Earlier in my career I was dealing with large enterprise desktop applications that talked directly to the database, with no centralized API. Some of them had thousands of individual desktop clients hitting a single multi-tenant SQL server. No problem, SQL Server would handle it without breaking a sweat. The bandwidth to an indidual client was fine. It was fast. And that was 20 years ago.


I did faced this scenario a couple time when working on application that would work offline, a few of those I was involved in:

- try to reduce the amount of paper based catalog we were sending out to customers, those were a couple thousands of pages and not cheap to produce, not cheap to send and would get deprecated very quickly. The web app would be pulling the entire catalog at first load so customers could go in remote location and still be able to use the catalog

- a web app for sales that was intended to be use on customer site containing all the marketing materials and much more during presentations on site without ever having to connect anywhere


> In what use case do you run into that?

Single-tenant simple sites without permission checks with limited content volume.

Of course you can also do the same in a multi-tenant environment but naturally you wouldn’t be returning all rows in the database.


This is pretty much what many SPA were/is, dump entire app state relevant on first load and then offline is no problem.


Imagine you're building a SaaS which allows your users to do create a website, hotel booking platform and channel manaager.

User can open the application, get the database, the frontend does all the offline updates the user want to perform. The user can update their website, add bookings they received on the phone, check what prices they set. This is all blazingly fast with no loading time, no matter your internet connection, because no further communication with the server is needed.

At some point they press a magic Publish button and the database gets synced with upstream and uploaded. The upstream service can take the data and publish a website for its users, update availabilities, update prices, etc.

It would be a better user experience than 99% of the SaaS out there.


Most of the Internet spent the last 10-20 years moving away from this because business metrics generally benefit from realtime updates and background autosaves. By and large, users expect systems to autosave their work-in-progress nowadays.

You might remember horror stories from the late 1900s when people would lose critical data and documents because they "forgot to hit Save and the computer crashed." Or, maybe you've never experienced this — because a couple decades of distributed-systems engineers and UX researchers made that problem obsolete.

So now we've... reinvented the Save button, but somehow needed a Paxos implementation to do it?

Everything old is new again, I guess.


Heh, the last company I worked for had a (very popular, very successful) 20 year old desktop app that worked by downloading the client's entire database on login, then doing regular syncs with the back end and sending batch updates as the user made changes. It was an awful system that everyone hated, and the company was desperately trying to figure out how to move away from it without doing a complete rewrite. Maybe I should let them know that they're actually ahead of the curve if they can just hold out for a few more years...
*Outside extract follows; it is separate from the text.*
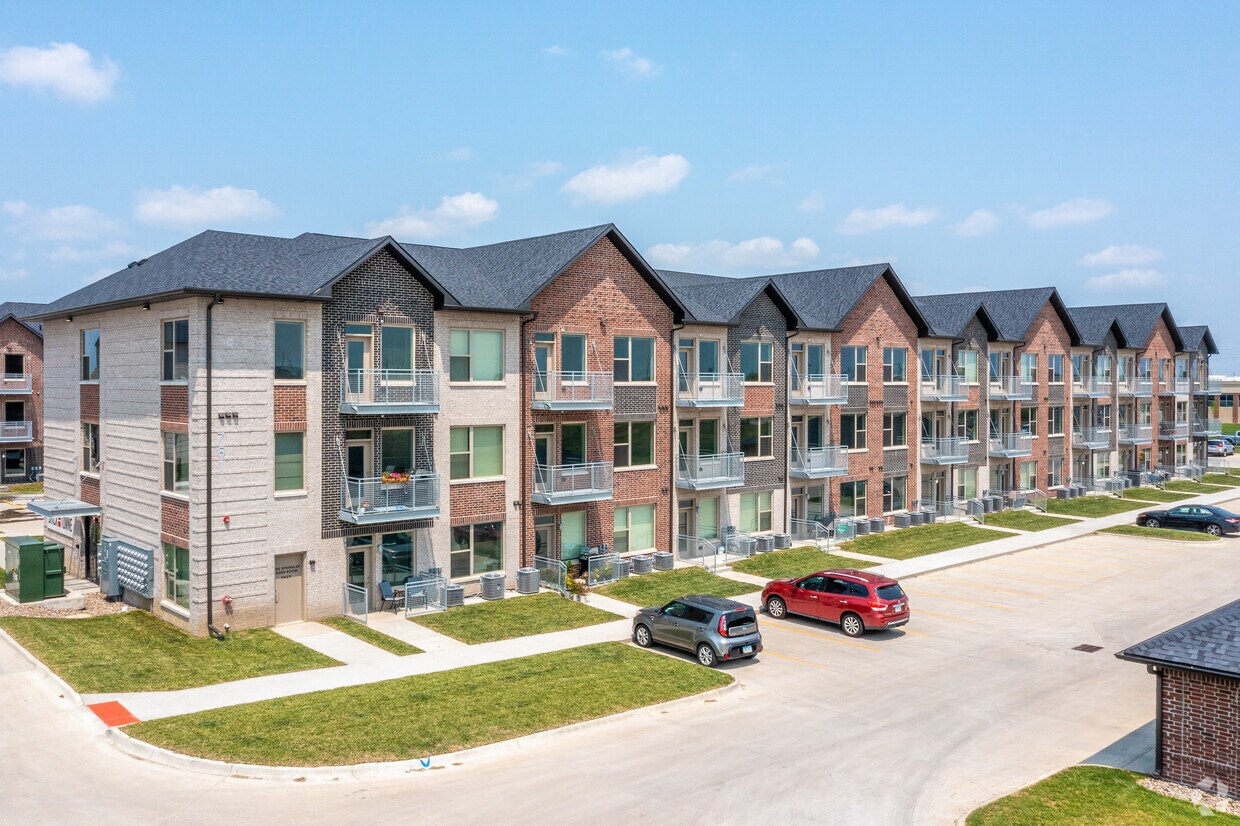 Brick Towne at Prairie Crossing Apartments 731 NE Venture Dr Waukee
I feel like I'm taking crazy pills. As HNers, we should want more control, not less over our work. Auto-save means that the company, no matter how nefarious, decides on their terms when my work is saved - regardless of what I've entered into the document (I write documents in a very stream of conscious manner).

I want to decide when to save, and how, not the application. I am not a product, I am a user!!!


Seems like on-by-default auto save with the option to disable, and a separate save button, satisfy all your requirements. That’s a pretty common set of customizations on saves from what I’ve seen.


This makes me smile, because it's satire, right?


No. I value a meaningful "Last updated at" timestamp.

If I open a word document, redact a few bits, save to PDF and close it - I don't want my changes saved but they are (real scenario from last week. I'd only just moved the file into Onedrive so autosave had turned itself on)

Ditto sorting and filtering spreadsheets.

Software engineers: By all means save in the background so I never lose anything, but don't assume I want the latest changes.


What you want, then, is versioning of your documents. MS Office and Google Suite do that.

This is not trivial to implement, though. Complexity will depend a lot of the application and the data. I'd say it'll only make sense for mature apps. A startup will most likely don't consider this in its roadmap.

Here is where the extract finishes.